Monocropping and biodiversity. A new U.N. panel on biodiversity called attention on Monday to an increasing decline in the biodiversity of the world’s plants and animals. Out of 3,000 global crops, only 30 account for 95 percent of the energy that humans get from food. A lack of biodiversity puts plant species at greater risks for disease and humans at greater risk for food shortage—consider the Irish potato blight, which spread rapidly through the monocrop that also served as the primary source of food energy for the Irish. Maybe Monsanto’s monocropping isn’t such a good idea after all. Along with declining plant biodiversity, many animal species, both wild and domesticated, are at risk of extinction.
Marching against Monsanto. Growing consumer demand for GMO labeled and GMO-free foods is leading to an increased demand by companies for GMO-free certification. In line with this movement, two million passionate consumers in 52 countries marched in protest of Monsanto on May 25, and three states (Connecticut, Vermont, and Maine) are making progress in state legislatures to require the labeling of foods that include genetically modified ingredients.

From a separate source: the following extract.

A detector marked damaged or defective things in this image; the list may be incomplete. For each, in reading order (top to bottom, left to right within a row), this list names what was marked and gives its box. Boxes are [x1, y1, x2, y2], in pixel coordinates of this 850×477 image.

Right to food. The NYU School of Law’s International Human Rights Clinic (IHRC) released a report on the U.S. food security crisis, Nourishing Change: Fulfilling the Right to Food in the U.S. It’s a timely report as Congress debates cuts to funding for SNAP programs in the farm bill. I was pleased to see that the IHRC thanks Olivier De Schutter, U.N. Special Rapporteur on the Right to Food, for his support and guidance on the report. His brilliant Dodge lecture in 2011 can be viewed here.
Hope in Cuba. An organic farm in Cuba demonstrates a success story in Cuba’s challenged agriculture sector. The farm provides benefits to its workers, food to the community, and teaches citizens about healthy food. Growing food domestically will also help boost the economy; last year the country spent over 1.633 billion dollars on food imports. The Caribbean countries, which are net food importers, are suffering the greatest impact in the hemisphere as worldwide food prices skyrocket.
Industrial ag. I was pleased to read a letter in the Journal of the American Veterinary Medical Association, authored by Raymond Tarpley, a veterinarian and former MPH student at the Bloomberg School. An informed critic of several policy positions taken by the AVMA, he addresses the social costs and increased demand associated with industrial agriculture. To quote Raymond, “Rather than concern ourselves with diets of affluence, with their attendant nutritional and ecological penalties, we might do better to direct our efforts to the more than one billion in the current global population, including children in 10% of US households, who lack food security despite the current efficiencies of industrial agriculture.”
Women and sustainability. This week the Women Deliver 2013 Conference in Kuala Lumpur, Malaysia, focused not only on women’s rights, poverty, social change, and development, but also addressed critical issues of population and sustainability. CLF friend Danielle Nierenberg liveblogged from the event: check it out at FoodTank or follow the event on Twitter via #WD2013. The Chinese are famous for saying that women hold up half the world. The reality is that about 70 percent of the world’s farmers are women. Anything that can be done to improve their education, access to better seeds, fairer prices in the marketplace, and more control over their own reproductive choices will benefit their children, their families, and their societies.